> [Problem description] In the data below, restate exactly the lines from the one with "4. Ty Gevred" to the final line, both included, but not the pictures.

> [Data for this exercise]
▼▼▼

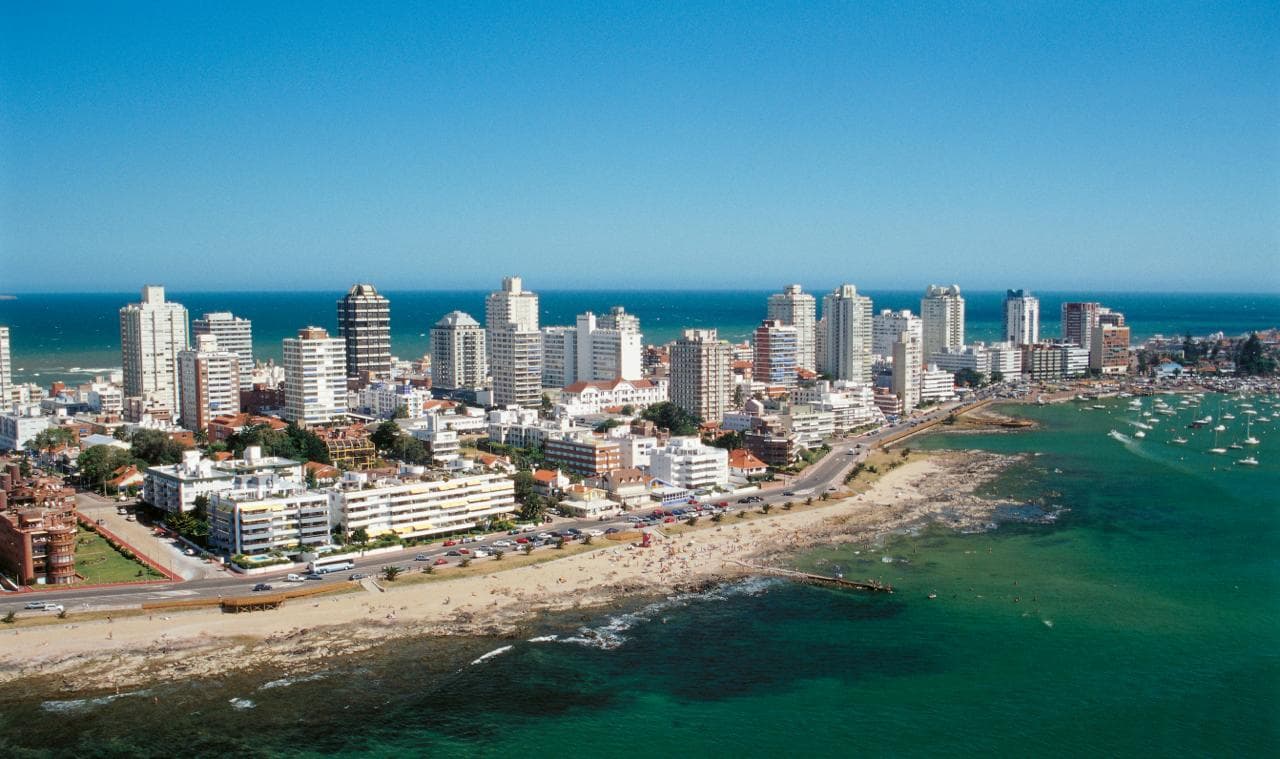 Uruguay XXI: viví en Uruguay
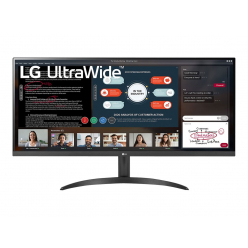 Monitor LG 34WP500-B 34inch IPS Ultra Wide 250 cd/m2 HDMIx2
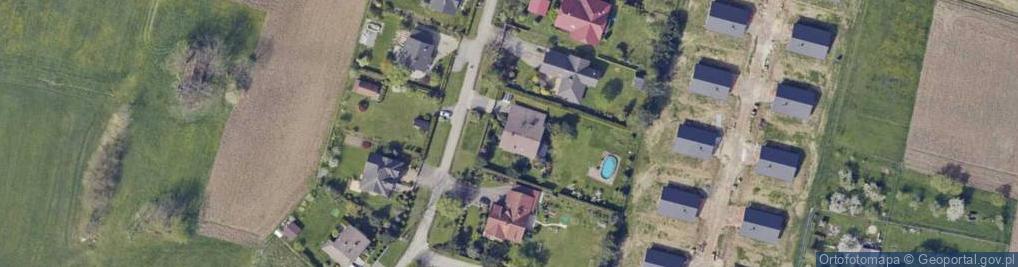 Zdjęcie satelitarne Kancelaria Radcy Prawnego mgr Michał Massalski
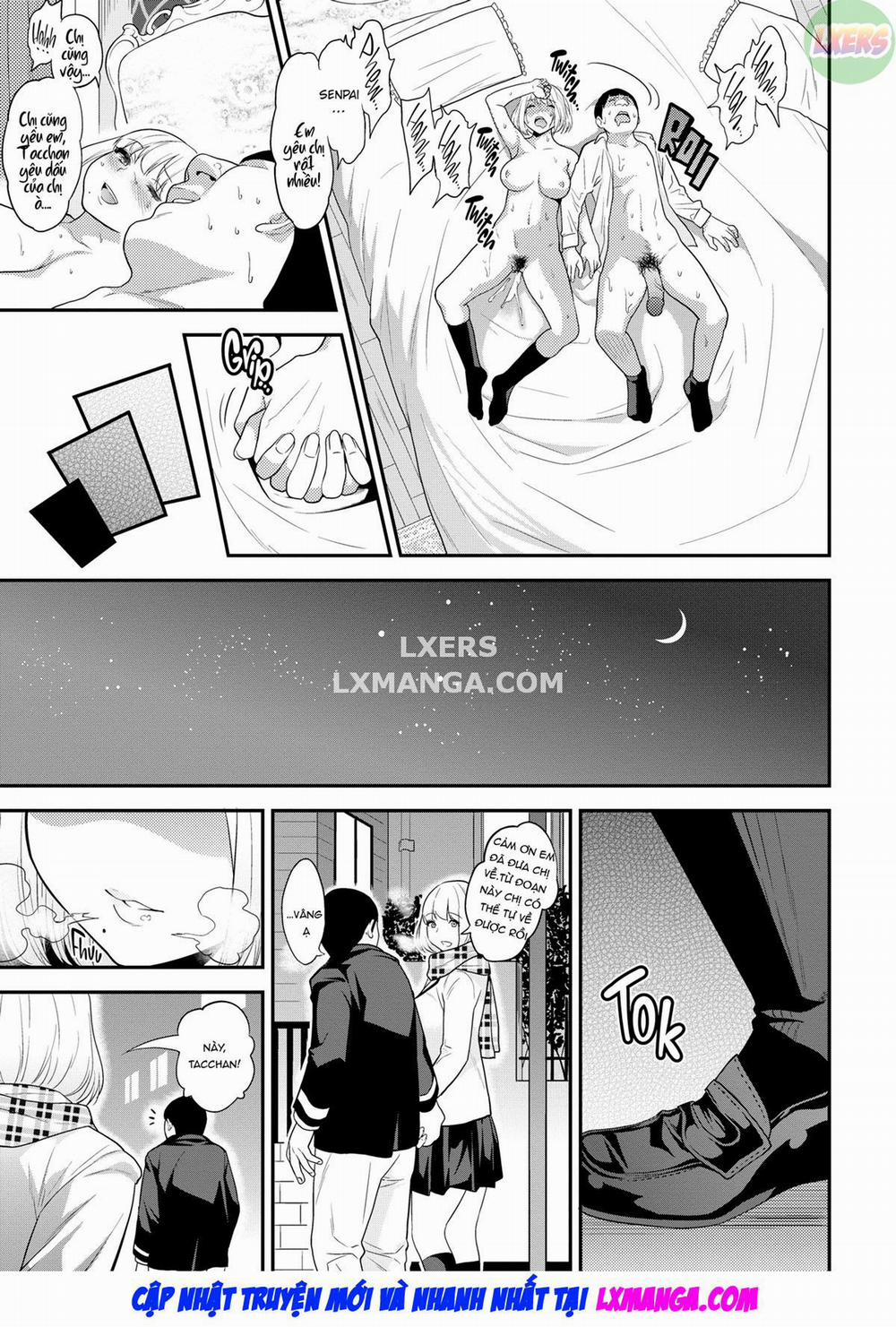 Fxxk Street Girls 6 0 Shape of Love trang 27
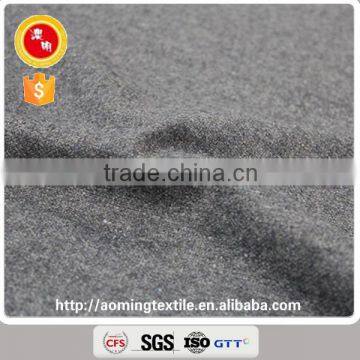 151204-1 Factory Professional Provide Woven Wool Fabric For Winter Overcoat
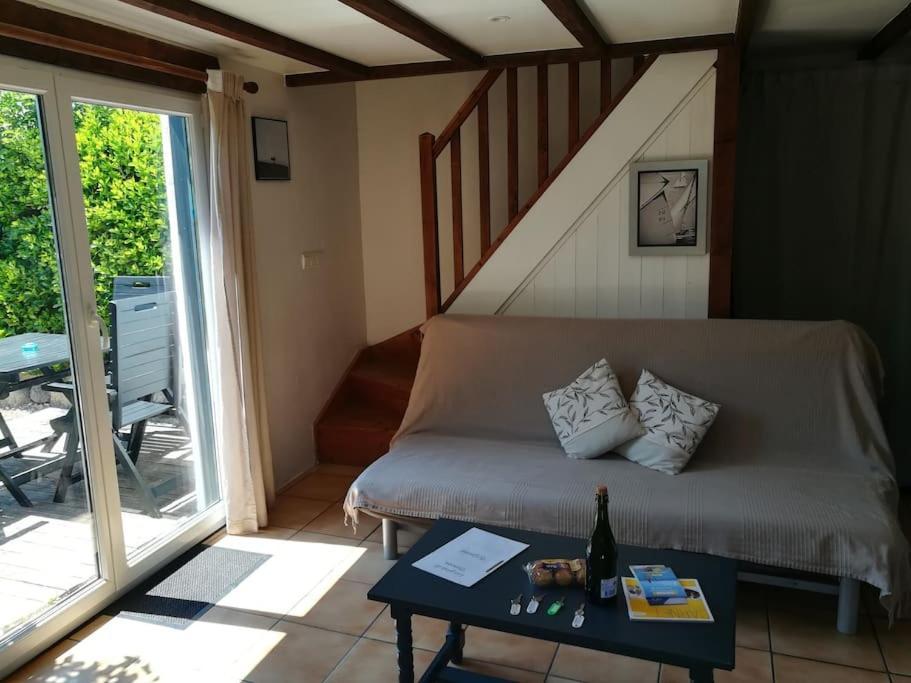 4. Ty Gevred A 500M De L'Ocean Villa Saint-Jean-Trolimon Eksteriør billede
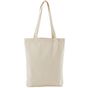 Westford Mill Tote bag coton sergé biologique Earthaware® natural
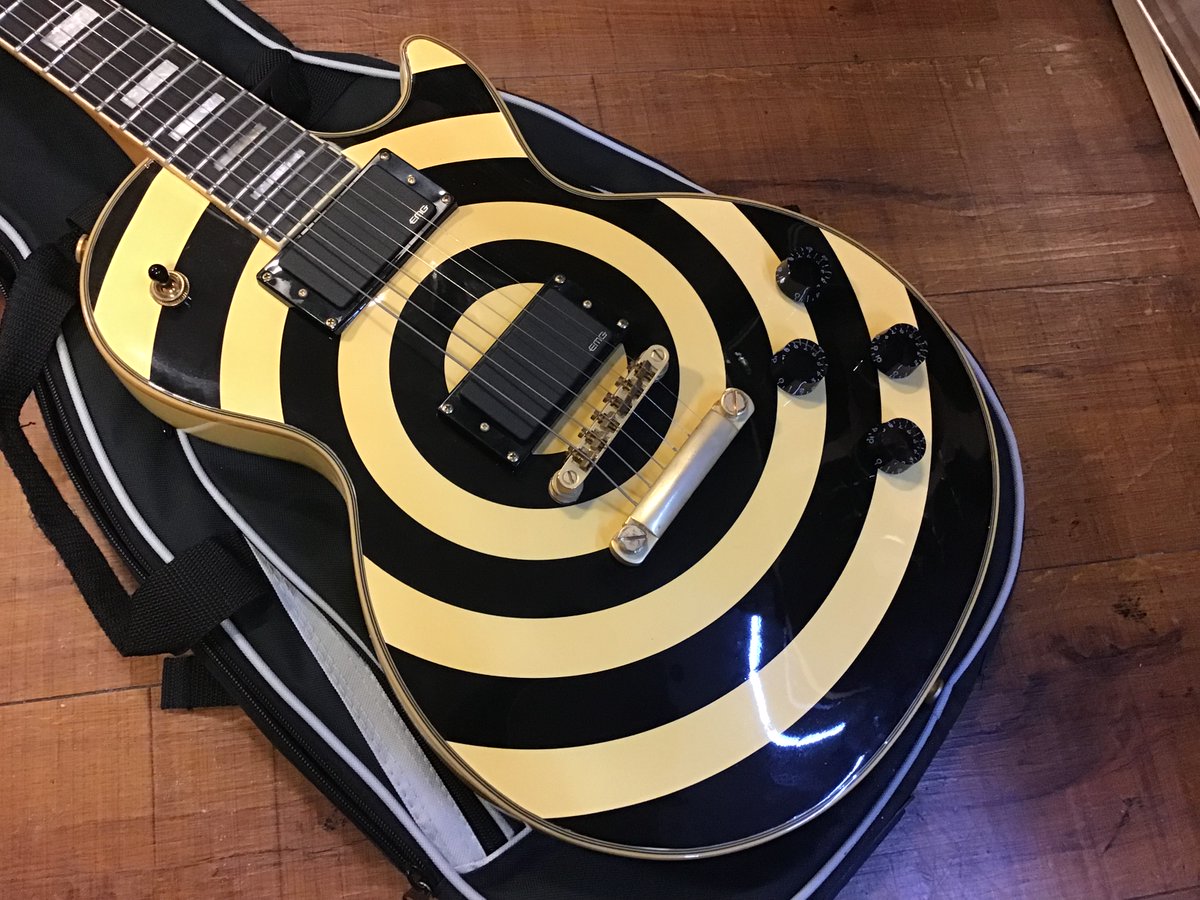 イシバシ楽器福岡店の今日の買取】 Epiphone/Zakk Wylde Les Paul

▲▲▲

> [Task response]
 4. Ty Gevred A 500M De L'Ocean Villa Saint-Jean-Trolimon Eksteriør billede
 Westford Mill Tote bag coton sergé biologique Earthaware® natural
 イシバシ楽器福岡店の今日の買取】 Epiphone/Zakk Wylde Les Paul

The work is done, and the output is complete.